Rejection of Christ, is the issue.

As for the value of pointing out the multiplicity of religions among the non-Catholic break-a-ways, I can’t believe that you don’t see the value of this. You’ve never used it when conducting a conversation with a Protestant? You seriously don’t think that it is helpful when presenting the continuity and consistency of Catholic religion and doctrine, to point out the fragmentation among Protestants that started before the reformers were growing cold in their graves?

I dont understand your contention here. Where did I say or imply it would not be proper to point out the heresies that have been around even PRIOR to the so called “Reformation” (they reformed nothing- they rebelled)
I am wondering what to say about this comment? Please clarify?

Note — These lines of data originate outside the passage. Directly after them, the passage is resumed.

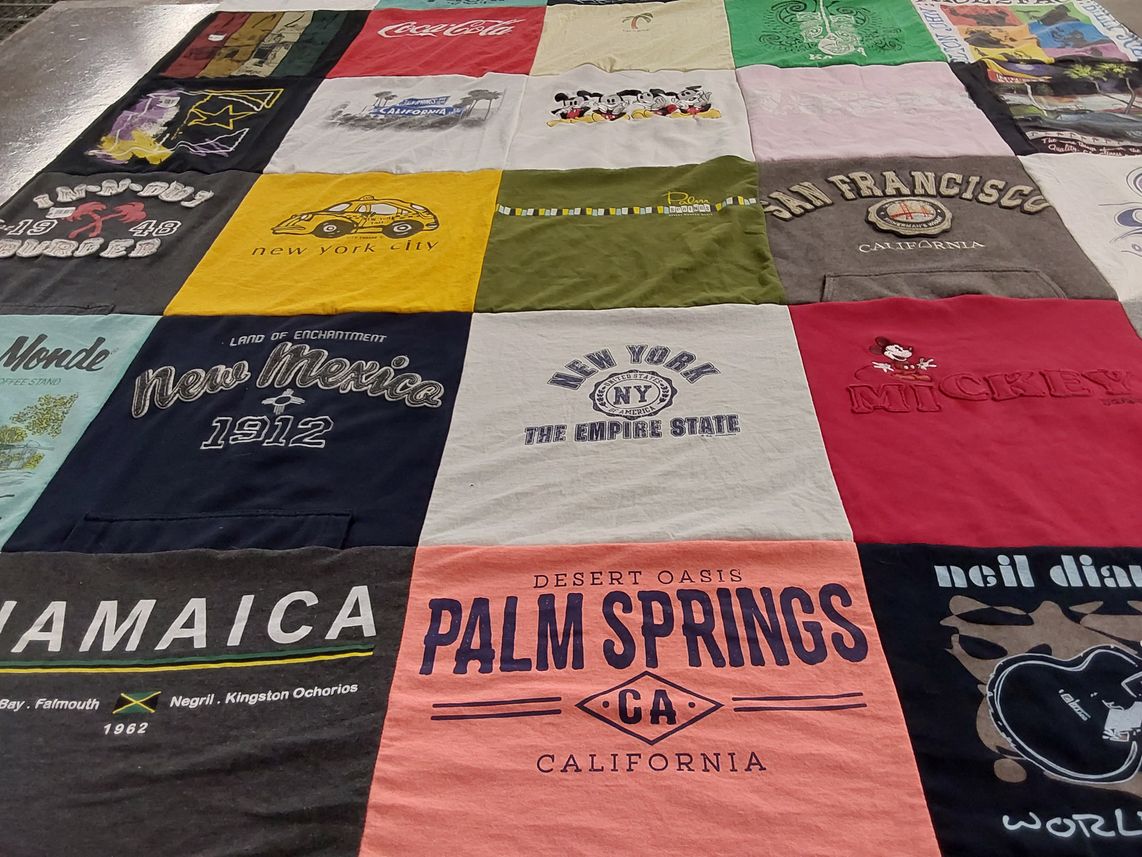 T-shirt quilt with travel, vacation themes by Emily from OR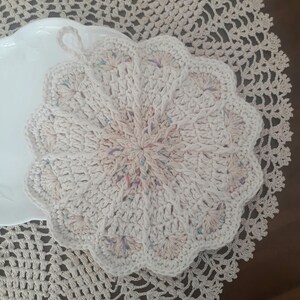 May include: A white crocheted doily with a scalloped edge and a center design featuring a mix of pink, blue, and white yarn.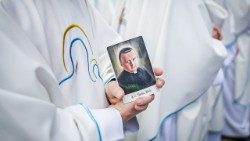 A priest holds a prayer card of Blessed Stanisław Streich at the Beatification Mass on May 24, 2025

Heretics don’t reject Christ. They usually have something wrong in their concept of Christ, but they don’t reject Him. Are you saying that all heretics are equal? That it is simply a matter of rejecting Christ? Rejecting Christ is apostasy, which is different from heresy. The Protestants are heretics, but they aren’t apostates.

:rotfl:

Yes, I AM saying all heretics in the Catholic view, are equal.
I am saying that a rejection of one aspect of Christ is to reject him in entirety.

The Church has spoken about Protestants.
Do not bring Protestants into this mix, the topic is JW and Mormons.

I wish we could all stay on topic here.